Дряхлеющие автократы часто склонны развязывать войны, чтобы отвлечь население страны от внутренних проблем. Как правило, на ранних этапах эта стратегия оказывается эффективной. Россия середины 1850-х годов не была исключением. Волна патриотического одушевления охватила и Толстого. Находясь на Кавказе, вдали от главных полей боевых действий, он подал заявление о переводе и был отправлен в армию, сражавшуюся в Румынии. Однако, почувствовав, что судьба войны решается не здесь, он вновь попросил о переводе, и в ноябре 1854 года прибыл в расположение русской армии в Крыму. Его первые впечатления были благоприятными. Он восхищался героизмом простых солдат и младших офицеров и не сомневался, что им удастся отстоять Севастополь. Потребовалось меньше двух недель, чтобы он изменил свою точку зрения и пришел к выводу, «что Россия или должна пасть, или совершенно преобразоваться» (ПСС, XLVII, 30).
Новый военный опыт Толстого сильно отличался от предшествующего. На Кавказе, где русская армия превосходила мятежников и численностью, и вооружением, ему приходилось принимать участие только в спорадических походах и стычках.
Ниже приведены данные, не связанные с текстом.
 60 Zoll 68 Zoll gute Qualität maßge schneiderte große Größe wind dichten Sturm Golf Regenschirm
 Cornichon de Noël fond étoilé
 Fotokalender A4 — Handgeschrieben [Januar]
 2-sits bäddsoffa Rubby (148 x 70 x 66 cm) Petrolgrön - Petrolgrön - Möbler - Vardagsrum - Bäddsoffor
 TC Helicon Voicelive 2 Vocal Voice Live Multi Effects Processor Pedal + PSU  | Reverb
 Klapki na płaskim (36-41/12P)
Опасность гибели была более чем реальной, но ее можно было если не избежать, то по крайней мере уменьшить с помощью разумных мер предосторожности. Уровень смертности там был относительно невысоким.
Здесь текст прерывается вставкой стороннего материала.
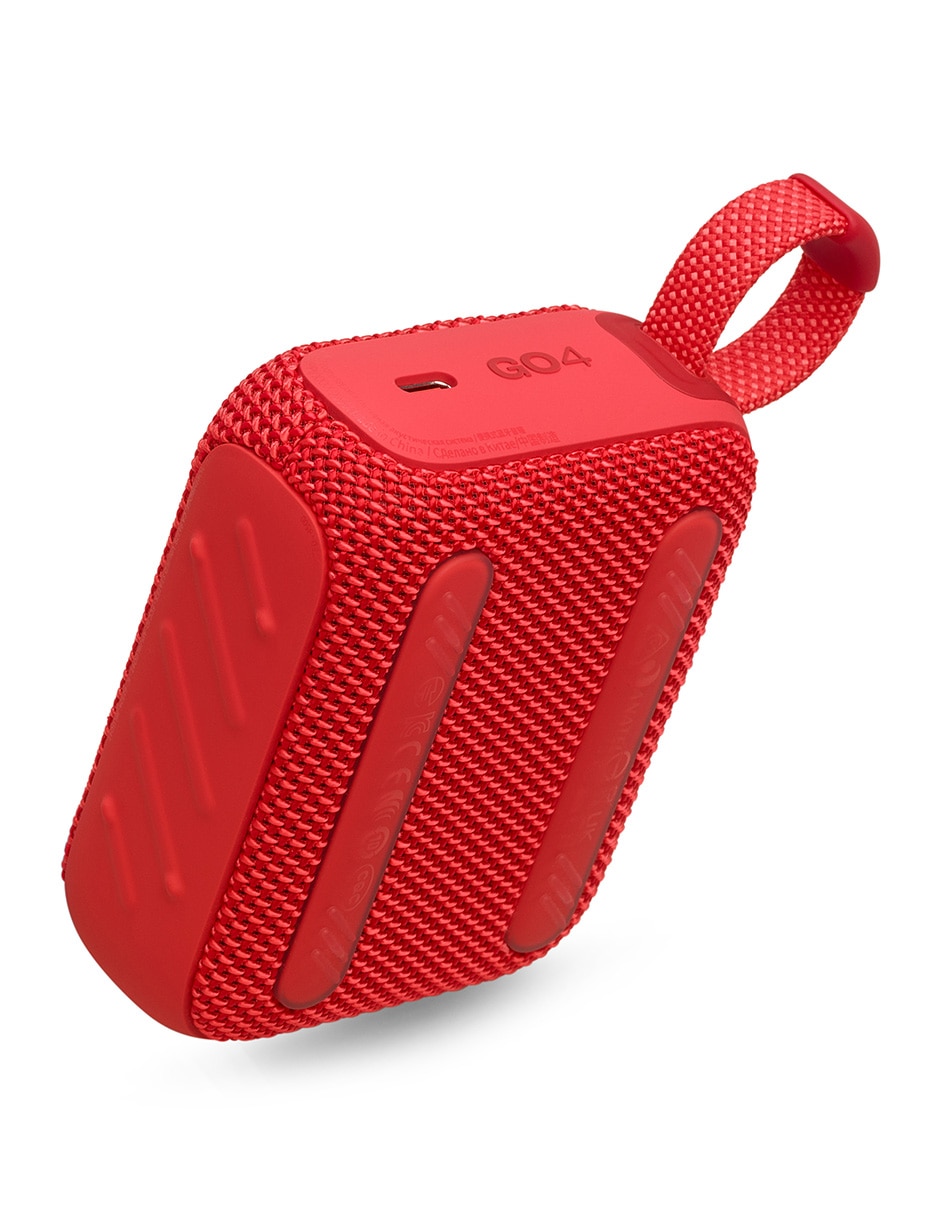 BOCINA PORTÁTIL JBL JBLGO4, ROJO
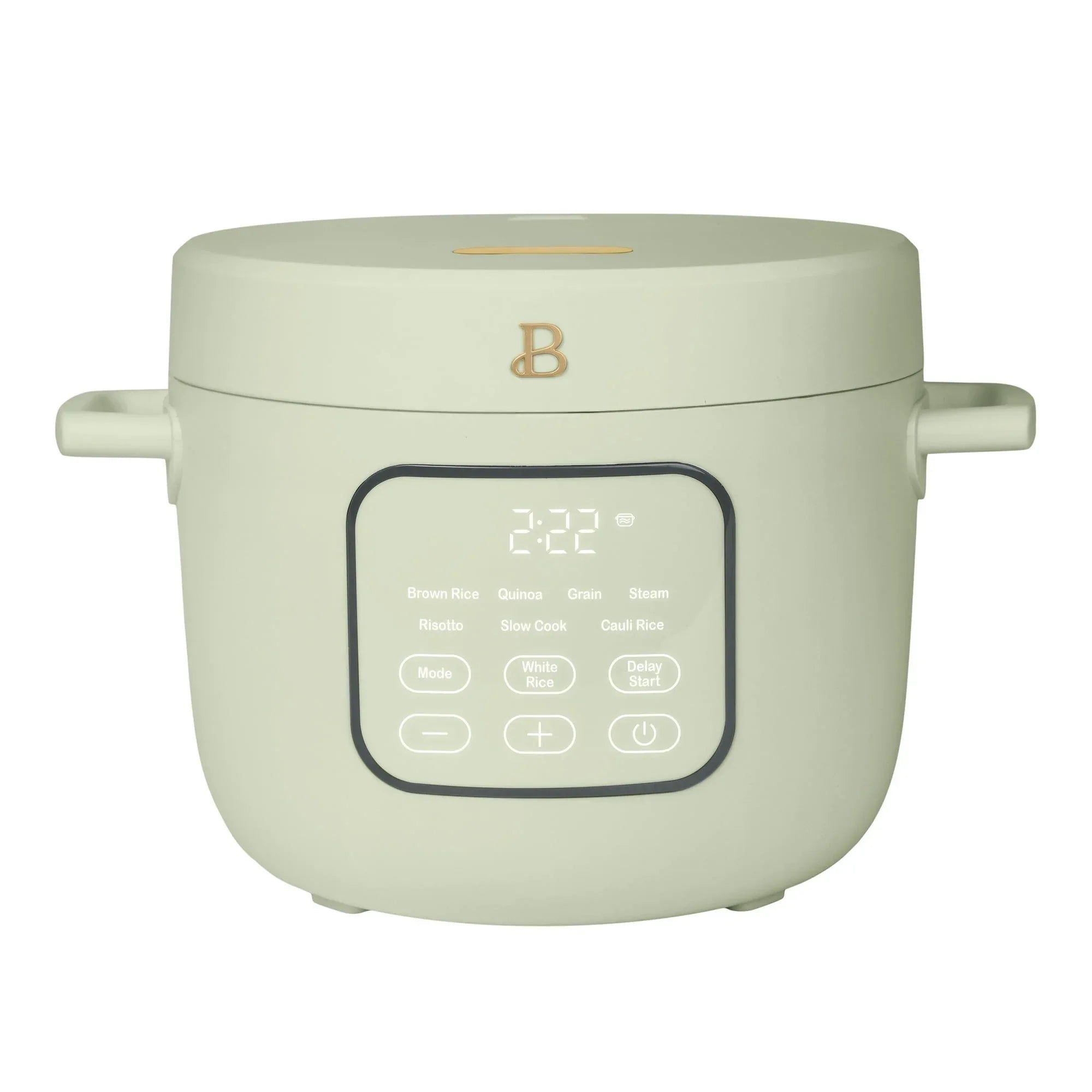 Beautiful 14-Cup Cooked, 6-Cups Uncooked Electric Rice and Grain Cooker, EverGood™ Ceramic Nonstick Coating, by Drew Barrymore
В Севастополе русским офицерам, солдатам и мирному населению приходилось выдерживать постоянный артиллерийский обстрел противника, обладавшего самым мощным оружием, какое существовало в ту пору. Смерти и ранения были каждодневной рутиной и делом случая. Тем, кто уцелел сегодня, просто повезло больше, чем их погибшим и искалеченным товарищам, но на следующий день им предстояло принимать участие в той же кровавой лотерее. В Севастополе Толстой начал обдумывать проект далеко идущих военных реформ, но потом вернулся к более привычному для него роду занятий. В июне 1855 года первый из «Севастопольских рассказов», «Севастополь в декабре», был опубликован в «Современнике».